= Beginning of Section =

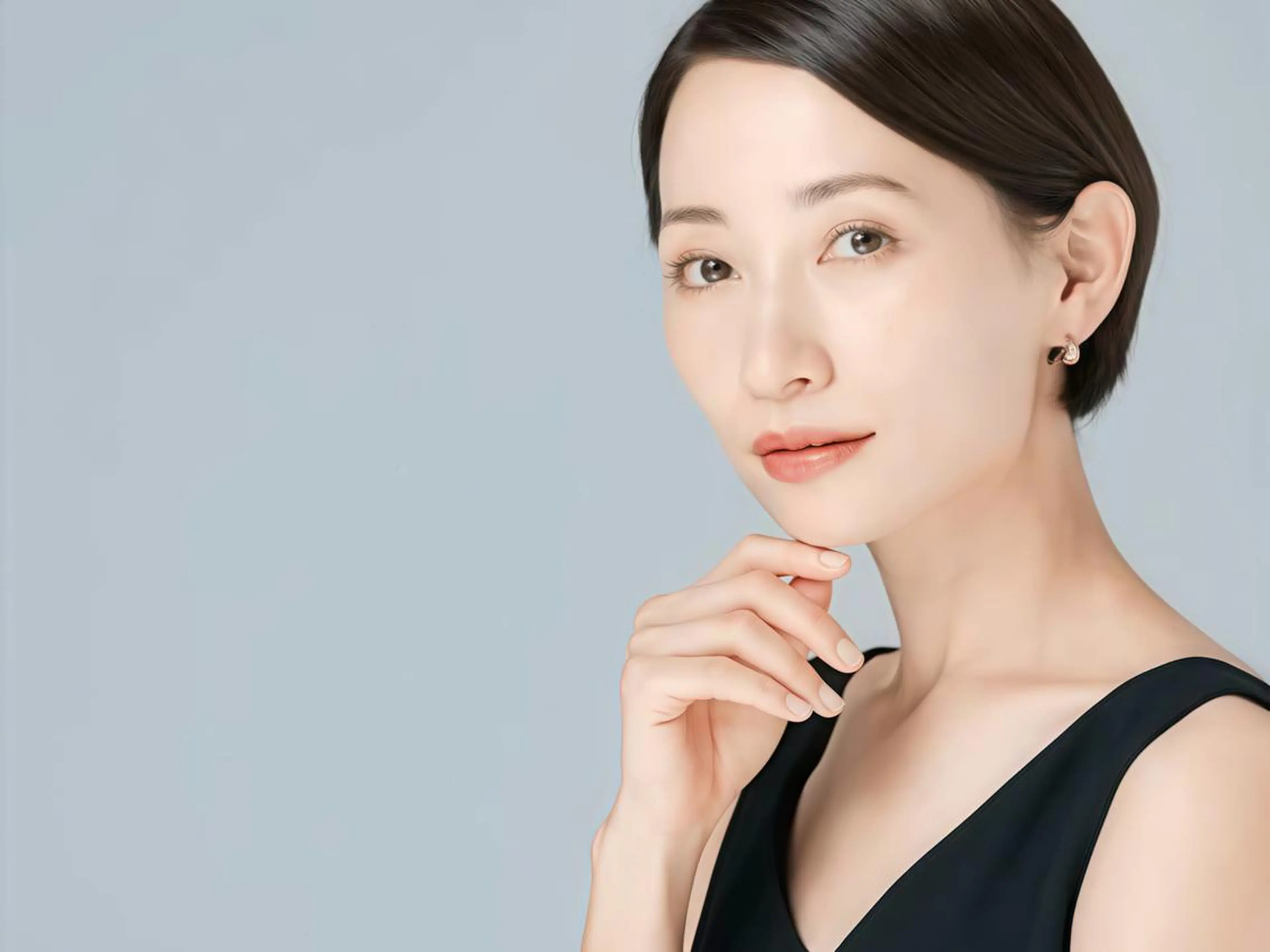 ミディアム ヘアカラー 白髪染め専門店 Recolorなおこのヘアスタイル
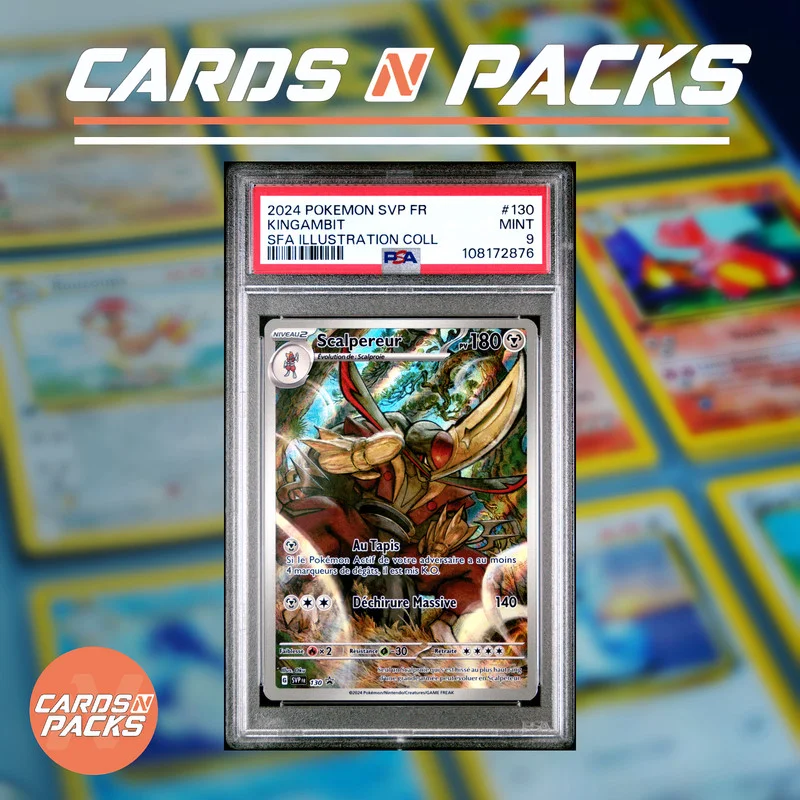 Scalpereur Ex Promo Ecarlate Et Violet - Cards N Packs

= End of Section =
= Beginning of Section =

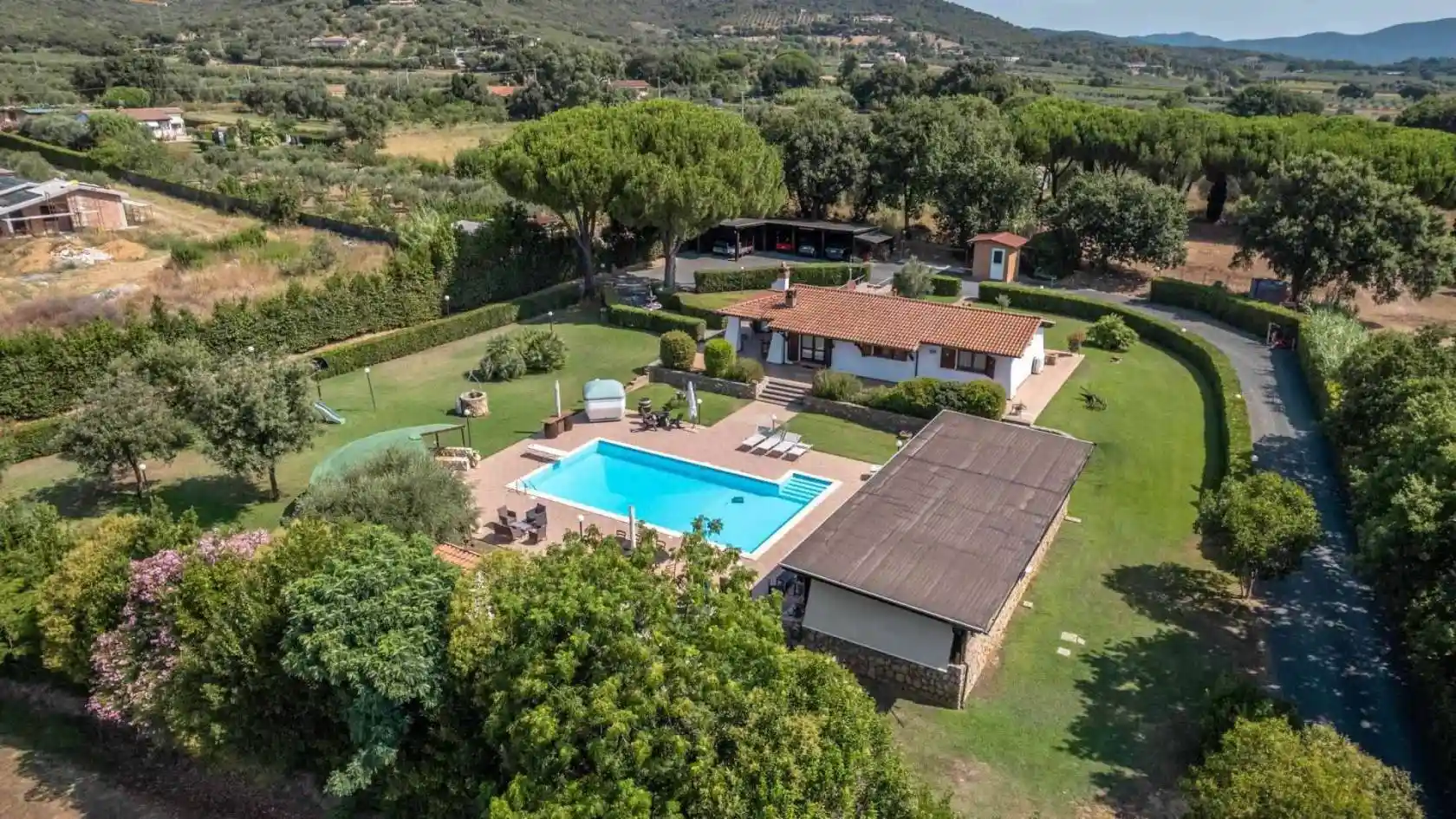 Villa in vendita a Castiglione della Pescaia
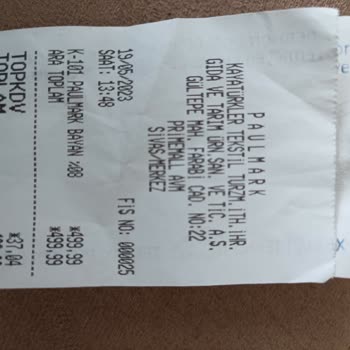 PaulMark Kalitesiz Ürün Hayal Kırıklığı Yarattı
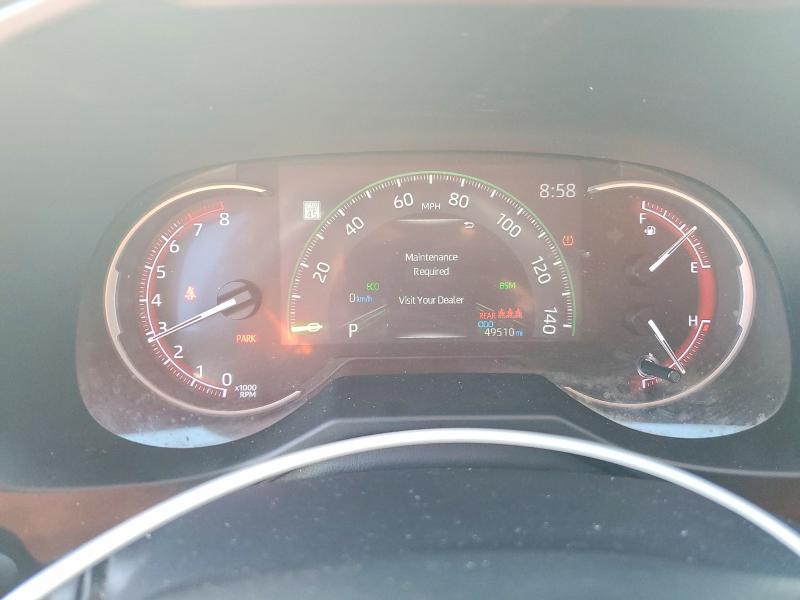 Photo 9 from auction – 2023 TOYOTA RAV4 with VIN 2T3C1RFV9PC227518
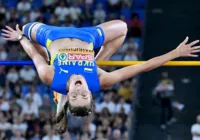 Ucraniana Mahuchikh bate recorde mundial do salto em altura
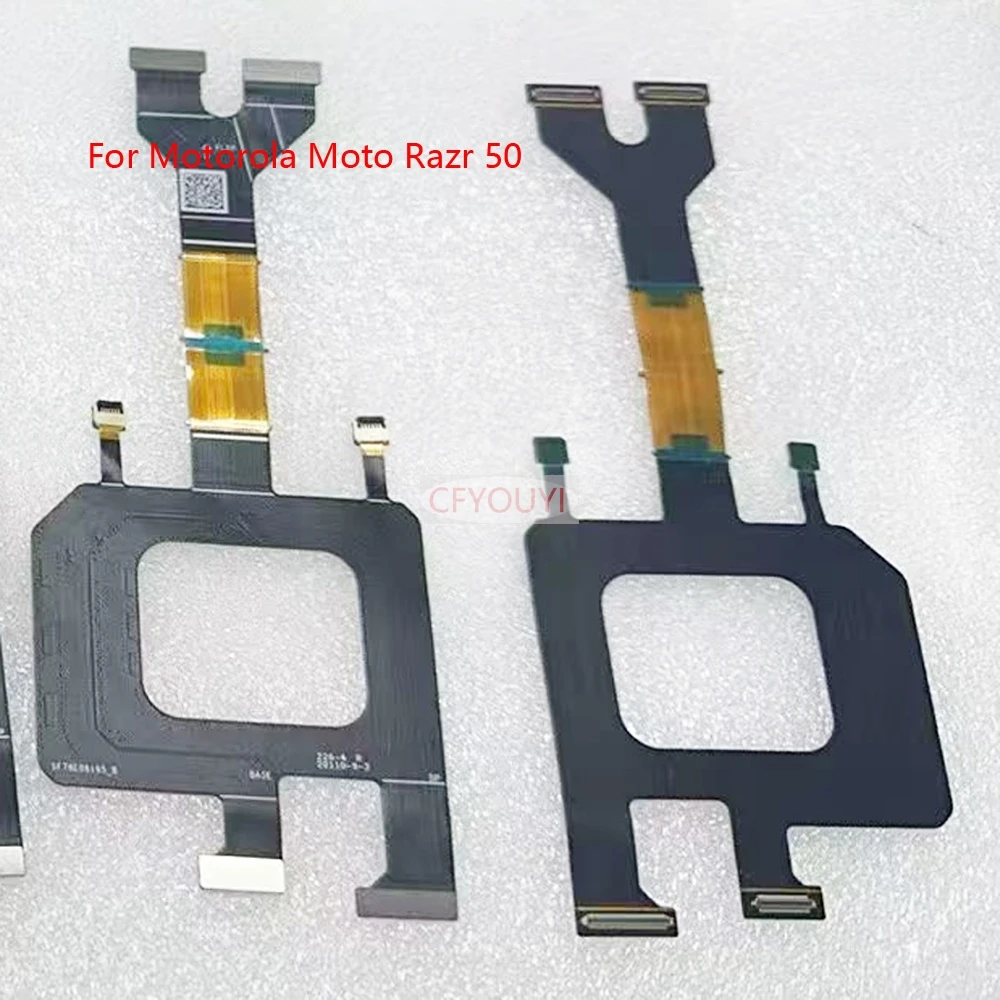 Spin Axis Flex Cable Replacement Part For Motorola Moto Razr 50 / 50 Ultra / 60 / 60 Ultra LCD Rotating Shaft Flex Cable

= End of Section =
= Beginning of Section =

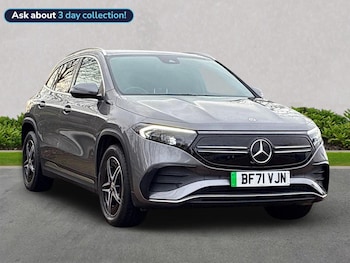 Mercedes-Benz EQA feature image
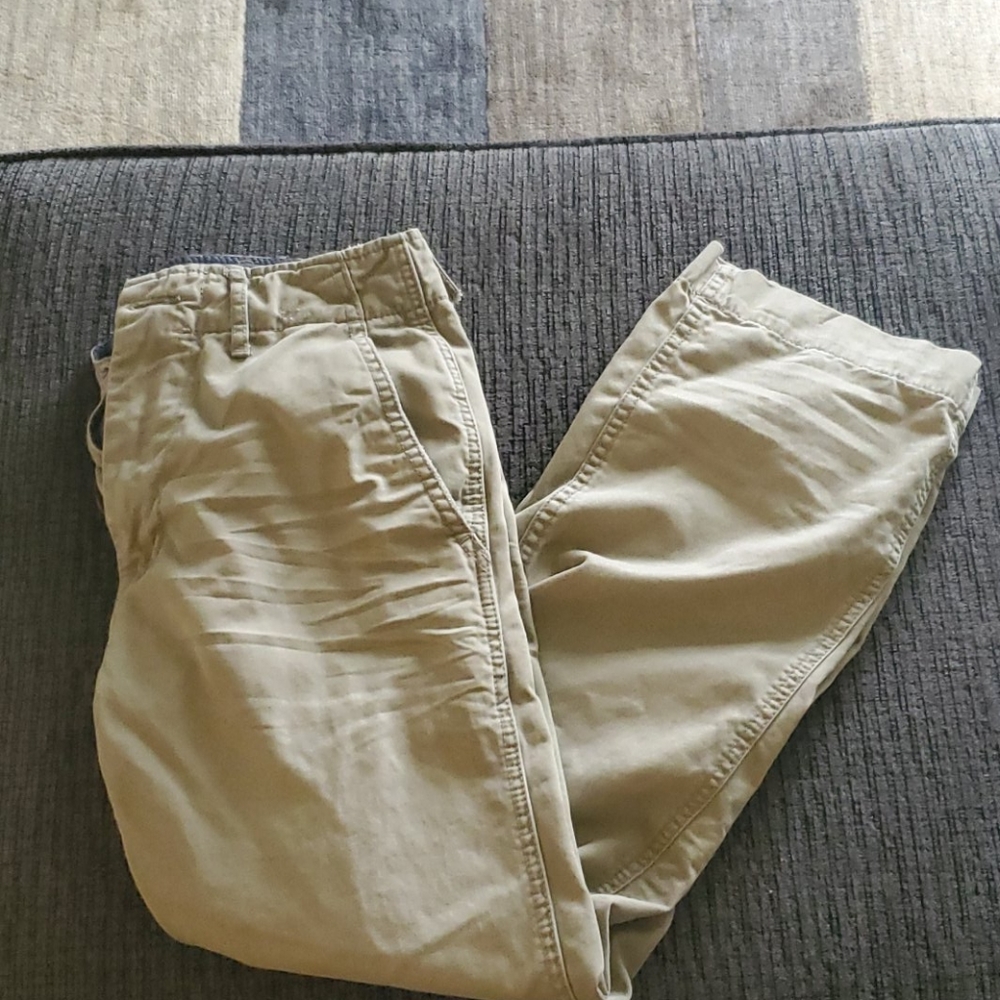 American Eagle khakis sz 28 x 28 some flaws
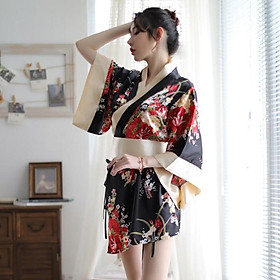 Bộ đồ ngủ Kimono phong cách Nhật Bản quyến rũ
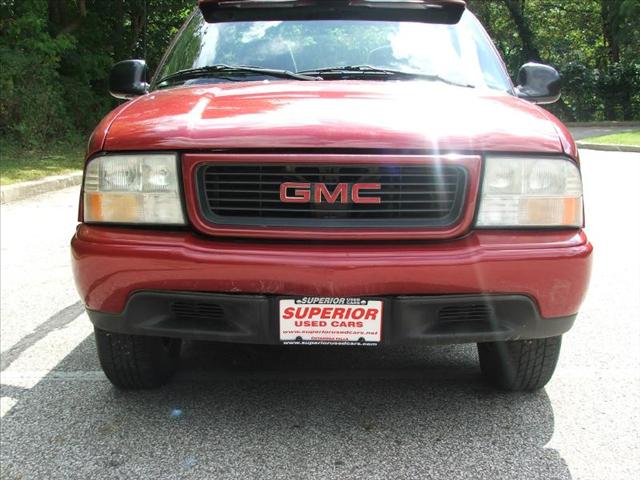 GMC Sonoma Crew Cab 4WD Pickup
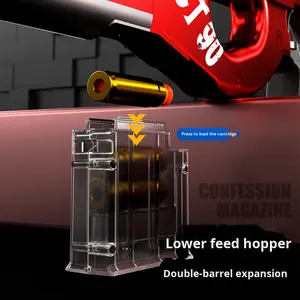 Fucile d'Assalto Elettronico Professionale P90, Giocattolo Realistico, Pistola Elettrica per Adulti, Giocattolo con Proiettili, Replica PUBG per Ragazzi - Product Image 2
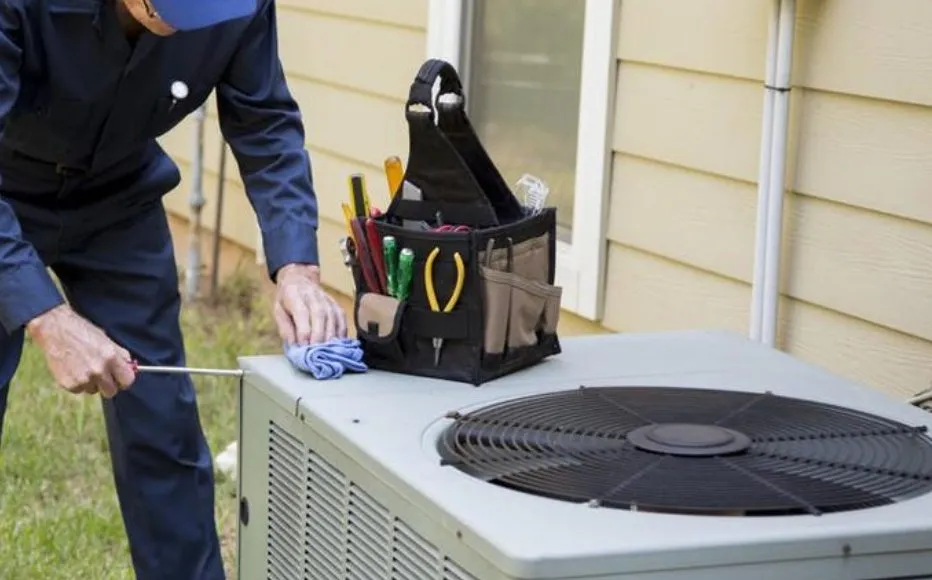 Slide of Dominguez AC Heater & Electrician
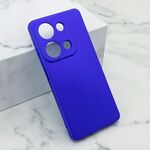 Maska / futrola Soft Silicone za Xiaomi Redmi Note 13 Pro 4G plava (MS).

= End of Section =

* **EXERCISE DIRECTIONS**
Go down the entries above from the line containing "ミディアム ヘアカラー 白髪染め専門店 Recolorなおこのヘアスタイル" to the line containing "Scalpereur Ex Promo" and write out each line exactly, leaving pictures out.

* **RESPONSE BOX**
 ミディアム ヘアカラー 白髪染め専門店 Recolorなおこのヘアスタイル
 Scalpereur Ex Promo Ecarlate Et Violet - Cards N Packs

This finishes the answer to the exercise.